The tool only takes into account the emissions that arise from the use of heating energy sources. When selecting a heating technology, the upstream chain should also be taken into account.

For the production of the required biochar, no green areas with a high level of biodiversity, forest areas or peat bogs may be used for cultivation. This ensures an almost CO2-neutral production of the biochar and averts negative economies of scale. The possibility of these negative economies of scale stems from the fact that biochar (like biogas) is seen as a decarbonisation opportunity in many sectors, but sustainable biochar is not sufficient to supply all interested sectors. Biomass should be used based on the use of residues according to the cascade principle, i.e. primarily as food and in material use. Energetic use should primarily take place in industrial heat use and must not be at the expense of the sink function of the forest.

When using hydrogen, green hydrogen must be used to ensure sustainability and the required GHG reduction rates.

Due to their high costs and very limited availability, synthetic fuels are mainly used in air and sea transport and play a very limited role in road freight transport – their maximum of 3% is reached in the 2040 scenario. The energy required for their production comes solely from renewable energy sources, the required CO2 from direct air capture.

Biofuels are only obtained from waste and residues (slurry, hydrogenated vegetable oil) and are subject to temporary use restrictions until 2030 as a bridging solution. They are only produced using renewable energy.

The electricity for electricity-based drive systems must be provided solely from renewable energies in order to ensure the emission reductions estimated in the tool.

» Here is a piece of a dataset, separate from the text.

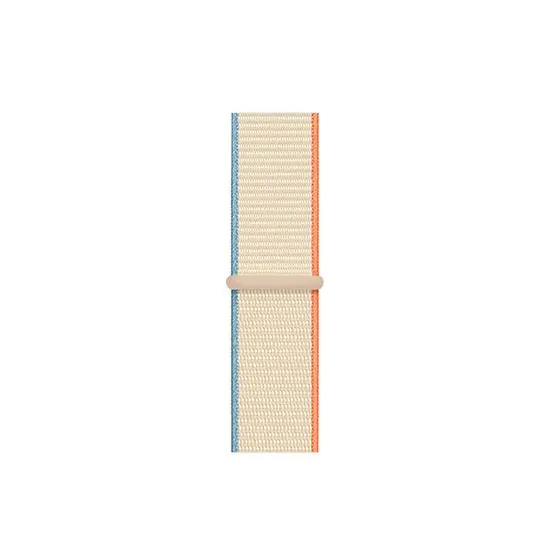 Woven Nylon Straps For Apple Watch-42/44/49mm New 2020 Edition(Cream)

Only CCS is anchored in the reference scenario as a solution technology. Carbon capture and usage is explicitly not intended, as CO2 captured in this way is delayed but still enters the atmosphere. CCS is currently not permitted by law in Germany. If CCS were to be approved, the energy-intensive capture and compression plants would need to be powered by renewable energy. The captured CO2 must not escape when it is stored. The infrastructure required for CO2 transport would have to be created. It is not yet clear which industrial regions will be connected and when.

The additional firing of coal-fired power plants must take place exclusively using biomass. For the production of the required biomass, no green areas with a high level of biodiversity, forest areas or peat bogs may be used for cultivation. Otherwise, negative economies of scale can occur, since biogas and biomass (such as biochar) are seen as a possibility for decarbonization in many sectors, but both are not sufficient to supply all interested sectors. Biomass should be used based on the use of residues according to the cascade principle, i.e. primarily as food and in material use. Energetic use should primarily take place in industrial heat use and must not be at the expense of the sink function of the forest. Overall, bioenergy can be seen as a niche solution: In the reference scenario, its use falls in absolute terms from 38 TWh net electricity generation in 2030 to 10 TWh in 2050. The latter corresponds to 1% of renewable energy production in 2050.

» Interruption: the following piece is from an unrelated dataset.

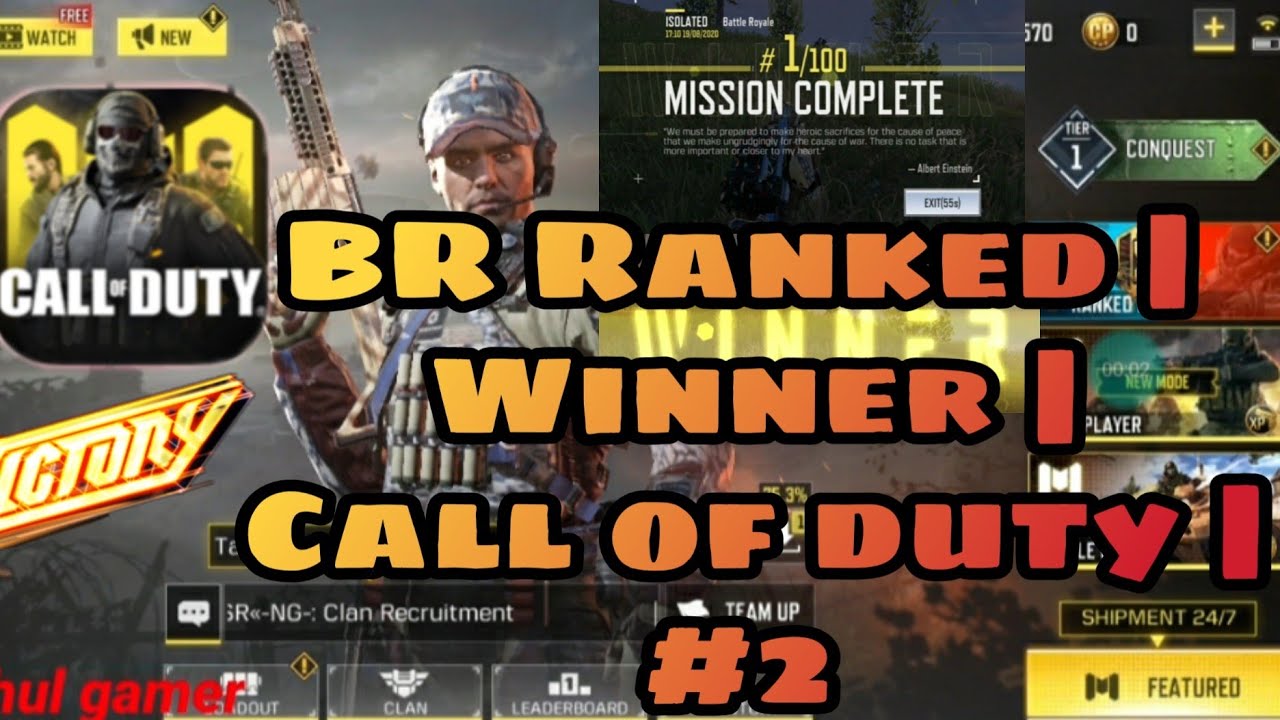 BR Ranked Match 2 | Winner 1/100 | Call of duty #2 - YouTube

For the production of the required biomass, no green areas with a high level of biodiversity, forest areas or peat bogs may be used for cultivation. This ensures an almost CO2-neutral production of the biogas and averts negative economies of scale. The possibility of these negative economies of scale stems from the fact that biogas (like biochar) is seen as an opportunity for decarbonisation in many sectors, but sustainable biogas is not sufficient to supply all interested sectors on a large scale. Biomass should be used based on the use of residues according to the cascade principle, i.e. primarily as food and in material use. Energetic use should primarily take place in industrial heat use and must not be at the expense of the sink function of the forest.

PtG energy sources used must be produced with green hydrogen in order to achieve the required (and assumed in the tool) GHG reduction.

The availability of blast furnace slag as a by-product of steel production is expected to decrease as production switches to alternative processes. In this case, local availability must be taken into account.